• [PROBLEM TO WORK ON] Wherever pictures appear in the listing below, leave them out, and copy exactly, and only, everything from the line with "Aloe Vera Plant" down to the line with "D&D Nolzur's Marvelous".

• [INPUT RECORDS]
· · ·
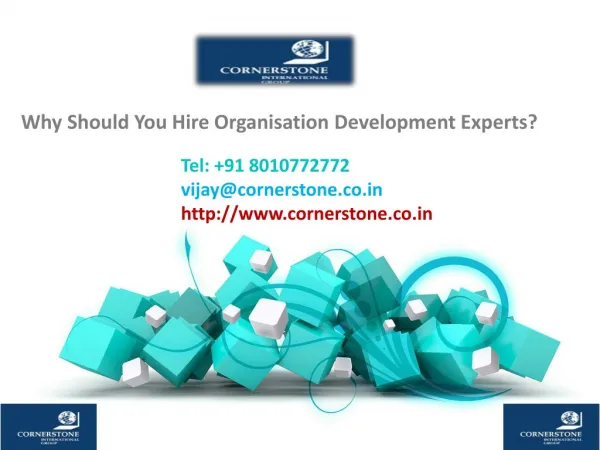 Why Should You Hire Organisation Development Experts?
· · ·
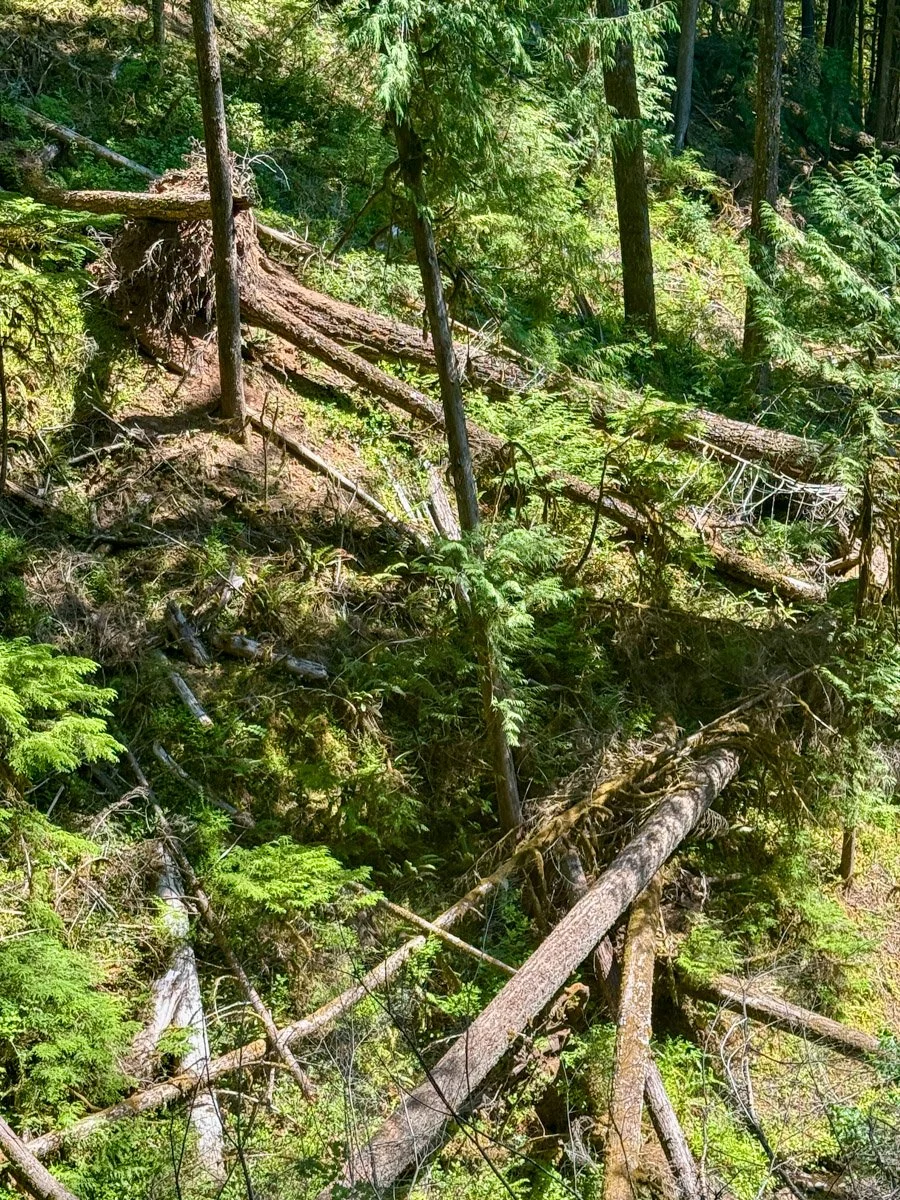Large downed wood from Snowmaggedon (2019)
· · ·
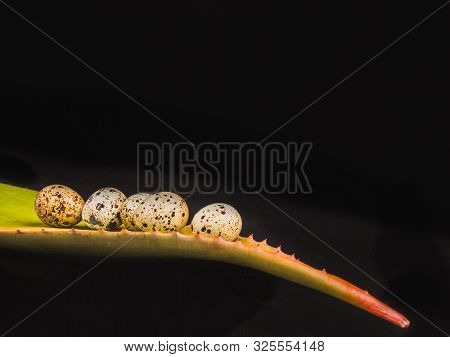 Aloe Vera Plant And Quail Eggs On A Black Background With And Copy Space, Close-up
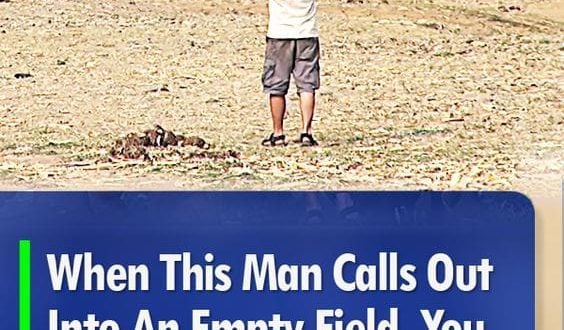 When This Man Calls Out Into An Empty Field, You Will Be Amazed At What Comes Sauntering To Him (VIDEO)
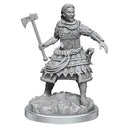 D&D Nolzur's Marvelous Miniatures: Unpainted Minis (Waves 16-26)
· · ·
• [SOLUTION FOR THIS TASK]
 Aloe Vera Plant And Quail Eggs On A Black Background With And Copy Space, Close-up
 When This Man Calls Out Into An Empty Field, You Will Be Amazed At What Comes Sauntering To Him (VIDEO)
 D&D Nolzur's Marvelous Miniatures: Unpainted Minis (Waves 16-26)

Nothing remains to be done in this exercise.